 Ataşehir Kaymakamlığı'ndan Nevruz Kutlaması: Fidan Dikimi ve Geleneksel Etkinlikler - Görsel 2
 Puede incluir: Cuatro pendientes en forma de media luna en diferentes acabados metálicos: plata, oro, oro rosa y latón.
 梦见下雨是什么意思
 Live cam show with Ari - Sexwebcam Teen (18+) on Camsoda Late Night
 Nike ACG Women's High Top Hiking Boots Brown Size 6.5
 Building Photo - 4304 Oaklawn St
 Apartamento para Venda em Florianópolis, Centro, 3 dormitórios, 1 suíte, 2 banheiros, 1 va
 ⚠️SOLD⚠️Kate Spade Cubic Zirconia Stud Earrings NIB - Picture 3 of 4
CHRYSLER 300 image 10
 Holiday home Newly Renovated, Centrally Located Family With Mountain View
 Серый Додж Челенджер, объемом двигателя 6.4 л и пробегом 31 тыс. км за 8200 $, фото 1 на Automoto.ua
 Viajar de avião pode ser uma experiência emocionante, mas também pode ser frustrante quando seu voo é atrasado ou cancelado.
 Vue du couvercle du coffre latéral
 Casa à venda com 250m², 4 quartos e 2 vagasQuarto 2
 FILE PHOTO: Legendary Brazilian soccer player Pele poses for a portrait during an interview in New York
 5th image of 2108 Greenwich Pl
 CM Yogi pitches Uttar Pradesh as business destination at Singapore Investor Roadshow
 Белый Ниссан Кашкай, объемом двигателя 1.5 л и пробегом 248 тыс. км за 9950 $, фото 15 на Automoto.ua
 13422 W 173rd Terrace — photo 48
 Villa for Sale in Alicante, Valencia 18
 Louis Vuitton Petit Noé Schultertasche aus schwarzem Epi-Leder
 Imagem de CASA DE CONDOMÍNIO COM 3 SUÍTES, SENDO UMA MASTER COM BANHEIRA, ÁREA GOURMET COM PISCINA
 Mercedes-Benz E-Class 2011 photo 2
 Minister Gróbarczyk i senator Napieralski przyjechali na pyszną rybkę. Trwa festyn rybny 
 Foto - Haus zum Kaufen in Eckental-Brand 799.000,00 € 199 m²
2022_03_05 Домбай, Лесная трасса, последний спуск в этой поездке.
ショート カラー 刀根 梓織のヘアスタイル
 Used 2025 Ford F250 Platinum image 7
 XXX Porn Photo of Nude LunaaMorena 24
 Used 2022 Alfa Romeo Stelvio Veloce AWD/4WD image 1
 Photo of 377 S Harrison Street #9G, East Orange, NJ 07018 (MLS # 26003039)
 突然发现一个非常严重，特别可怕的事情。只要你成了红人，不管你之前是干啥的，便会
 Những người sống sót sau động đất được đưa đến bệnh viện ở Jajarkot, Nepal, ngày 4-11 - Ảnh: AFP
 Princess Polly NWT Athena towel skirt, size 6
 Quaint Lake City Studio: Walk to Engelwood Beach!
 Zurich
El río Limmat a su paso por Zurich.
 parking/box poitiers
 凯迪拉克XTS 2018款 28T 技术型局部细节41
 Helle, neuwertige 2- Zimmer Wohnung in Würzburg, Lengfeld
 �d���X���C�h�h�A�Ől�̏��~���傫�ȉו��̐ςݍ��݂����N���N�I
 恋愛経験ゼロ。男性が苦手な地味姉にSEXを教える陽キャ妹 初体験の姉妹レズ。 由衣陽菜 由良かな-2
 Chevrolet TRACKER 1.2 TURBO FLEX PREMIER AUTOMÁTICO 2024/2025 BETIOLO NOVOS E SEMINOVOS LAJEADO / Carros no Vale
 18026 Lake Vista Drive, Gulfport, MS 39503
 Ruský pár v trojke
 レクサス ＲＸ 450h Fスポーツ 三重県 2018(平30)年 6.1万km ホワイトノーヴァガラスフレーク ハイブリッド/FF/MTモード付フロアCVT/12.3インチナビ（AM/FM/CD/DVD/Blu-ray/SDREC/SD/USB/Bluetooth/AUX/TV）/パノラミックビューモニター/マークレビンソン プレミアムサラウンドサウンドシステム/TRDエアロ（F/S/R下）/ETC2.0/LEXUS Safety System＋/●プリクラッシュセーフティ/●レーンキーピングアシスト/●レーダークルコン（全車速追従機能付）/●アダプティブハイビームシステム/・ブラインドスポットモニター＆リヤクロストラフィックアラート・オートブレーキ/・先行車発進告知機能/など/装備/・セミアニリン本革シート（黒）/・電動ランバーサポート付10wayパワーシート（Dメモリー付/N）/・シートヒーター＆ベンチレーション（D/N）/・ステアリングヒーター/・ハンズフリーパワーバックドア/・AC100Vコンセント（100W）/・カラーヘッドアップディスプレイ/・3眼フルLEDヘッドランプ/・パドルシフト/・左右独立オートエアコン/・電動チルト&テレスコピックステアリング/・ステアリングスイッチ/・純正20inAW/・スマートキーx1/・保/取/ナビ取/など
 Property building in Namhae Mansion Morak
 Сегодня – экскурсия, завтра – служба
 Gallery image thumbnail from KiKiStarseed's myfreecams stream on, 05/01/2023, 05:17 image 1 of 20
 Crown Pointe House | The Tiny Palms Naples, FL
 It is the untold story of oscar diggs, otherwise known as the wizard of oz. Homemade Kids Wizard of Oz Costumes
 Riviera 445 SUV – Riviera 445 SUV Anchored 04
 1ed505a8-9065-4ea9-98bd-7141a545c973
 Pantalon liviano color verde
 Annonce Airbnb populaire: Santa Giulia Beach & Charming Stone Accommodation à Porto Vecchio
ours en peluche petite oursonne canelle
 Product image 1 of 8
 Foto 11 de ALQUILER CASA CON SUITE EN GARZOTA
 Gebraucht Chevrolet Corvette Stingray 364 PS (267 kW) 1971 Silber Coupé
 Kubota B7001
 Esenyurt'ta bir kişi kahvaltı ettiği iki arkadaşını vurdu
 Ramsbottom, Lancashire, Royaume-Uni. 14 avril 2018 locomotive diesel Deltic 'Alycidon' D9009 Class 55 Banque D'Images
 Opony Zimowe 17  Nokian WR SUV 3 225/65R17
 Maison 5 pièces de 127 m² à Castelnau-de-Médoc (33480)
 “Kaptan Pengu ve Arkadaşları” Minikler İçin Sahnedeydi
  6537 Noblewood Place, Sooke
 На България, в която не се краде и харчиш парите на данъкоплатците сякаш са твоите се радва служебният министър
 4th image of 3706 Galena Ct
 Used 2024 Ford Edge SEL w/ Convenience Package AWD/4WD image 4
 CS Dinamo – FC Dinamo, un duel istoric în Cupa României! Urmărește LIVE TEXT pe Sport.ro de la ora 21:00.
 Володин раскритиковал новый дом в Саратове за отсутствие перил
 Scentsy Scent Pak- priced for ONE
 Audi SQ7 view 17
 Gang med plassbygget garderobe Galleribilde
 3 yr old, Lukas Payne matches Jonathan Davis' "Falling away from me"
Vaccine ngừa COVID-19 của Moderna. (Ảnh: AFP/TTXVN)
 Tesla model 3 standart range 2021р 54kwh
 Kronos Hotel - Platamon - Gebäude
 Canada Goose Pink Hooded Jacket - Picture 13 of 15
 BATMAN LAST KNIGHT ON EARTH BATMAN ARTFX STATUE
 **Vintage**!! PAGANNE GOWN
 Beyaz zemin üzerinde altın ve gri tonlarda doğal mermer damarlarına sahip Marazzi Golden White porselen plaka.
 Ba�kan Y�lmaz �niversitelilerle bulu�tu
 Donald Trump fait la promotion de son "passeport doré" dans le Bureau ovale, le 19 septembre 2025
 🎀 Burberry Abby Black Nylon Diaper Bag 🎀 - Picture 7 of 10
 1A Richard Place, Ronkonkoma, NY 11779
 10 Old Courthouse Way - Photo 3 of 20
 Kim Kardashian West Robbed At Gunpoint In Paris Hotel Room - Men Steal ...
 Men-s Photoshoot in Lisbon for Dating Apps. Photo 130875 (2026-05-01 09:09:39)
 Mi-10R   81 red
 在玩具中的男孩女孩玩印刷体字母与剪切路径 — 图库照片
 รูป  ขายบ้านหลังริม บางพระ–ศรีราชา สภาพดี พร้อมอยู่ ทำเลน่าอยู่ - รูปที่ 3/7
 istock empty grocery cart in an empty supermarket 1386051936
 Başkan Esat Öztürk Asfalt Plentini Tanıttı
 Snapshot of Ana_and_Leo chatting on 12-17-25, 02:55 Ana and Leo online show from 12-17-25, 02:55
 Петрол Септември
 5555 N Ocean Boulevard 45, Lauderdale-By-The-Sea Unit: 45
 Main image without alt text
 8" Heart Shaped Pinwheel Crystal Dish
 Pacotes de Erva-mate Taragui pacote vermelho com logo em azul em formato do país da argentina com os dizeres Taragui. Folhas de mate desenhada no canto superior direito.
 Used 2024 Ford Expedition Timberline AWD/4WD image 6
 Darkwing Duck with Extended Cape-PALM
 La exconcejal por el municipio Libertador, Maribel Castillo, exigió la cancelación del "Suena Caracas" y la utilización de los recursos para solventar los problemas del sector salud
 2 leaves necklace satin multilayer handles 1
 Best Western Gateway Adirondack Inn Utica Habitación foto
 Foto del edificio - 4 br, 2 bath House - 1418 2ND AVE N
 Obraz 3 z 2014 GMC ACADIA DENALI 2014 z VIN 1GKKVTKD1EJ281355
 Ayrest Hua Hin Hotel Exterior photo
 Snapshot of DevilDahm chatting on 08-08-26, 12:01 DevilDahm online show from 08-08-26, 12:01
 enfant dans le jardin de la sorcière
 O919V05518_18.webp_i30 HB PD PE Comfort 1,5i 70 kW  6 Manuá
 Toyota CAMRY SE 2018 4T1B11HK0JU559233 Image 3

********************

▶ **PROBLEM TO SOLVE**: Determine how many lines in the listing above hold the string "Class", then write only the number.

▶ **FINISHED TASK**: 2